As a sign of India's rising stature, Prime Minister Manmohan Singh was treated to the first state visit of Obama's presidency. The two leaders pledged to strengthen their economic ties, and Obama reiterated the importance of the U.S. relationship with India.
Obama tried to assuage growing concerns by many in India that the relationship between these two nations is being eclipsed by a greater U.S. outreach to China, India's neighbor.
That was the broad message of all of the White House events Tuesday.
"It will be another opportunity to convey to the prime minister and the people of India, as India assumes its rightful place as a global leader in this century, that you will have no better friend and partner than the United States of America," Obama said.
"I was deeply impressed by President Obama's strong commitment to the India-U.S. strategic partnership and by the breadth of his vision for global peace and prosperity," Singh said.
But during a brief news conference, Obama was asked to address the international issue that has dominated White House discussions this fall: Afghanistan.
Sources have told NPR that Obama will announce troop levels and a new Afghanistan strategy this Tuesday. He declined to confirm that — saying he'll reveal his plan "shortly."
Obama also returned to a message that was so much a part of the 2008 presidential campaign — that for too long the Afghanistan mission was not given enough attention by the previous administration as Iraq took precedence.
"After eight years — some of those years in which we did not have, I think, either the resources or the strategy to get the job done — it is my intention to finish the job," Obama said.
But a weak Afghan government, the country's mountainous terrain and the tenacity of the insurgents all add up to a very difficult task, no matter what the strategy.

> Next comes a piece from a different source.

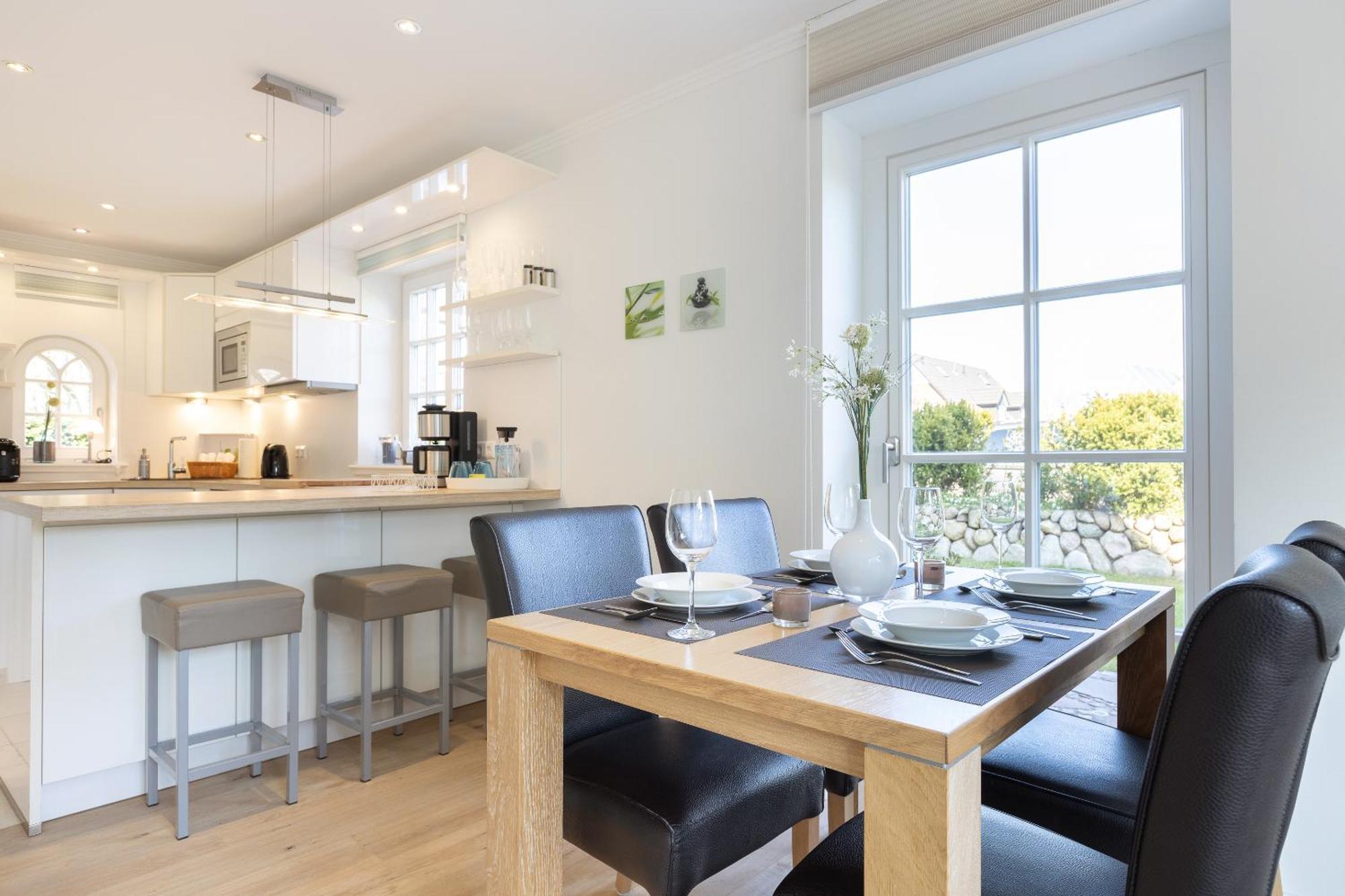 Gode Tiet Holiday home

A poll published Wednesday by USA Today shows support for Obama on Afghanistan plummeting. Three months ago, 56 percent approved of his handling of the issue. Now 55 percent disapprove.
The president is considering a big troop buildup. Gen. Stanley McChrystal wants some 40,000 more troops to battle the insurgent forces there.
McClatchy News Service reported Tuesday that Obama has decided to send 34,000, hoping European allies will make up the difference.
But any big buildup is likely to displease much of the American public as the war enters its ninth year, with casualties rising.
Obama predicts that the public will give him a fair hearing when he presents his case: "I feel very confident that when the American people hear a clear rationale for what we're doing there, and how we intend to achieve our goals, that they will be supportive."
The president has the Thanksgiving weekend to finalize his strategy for Afghanistan, and his plan for selling that strategy both at home and abroad.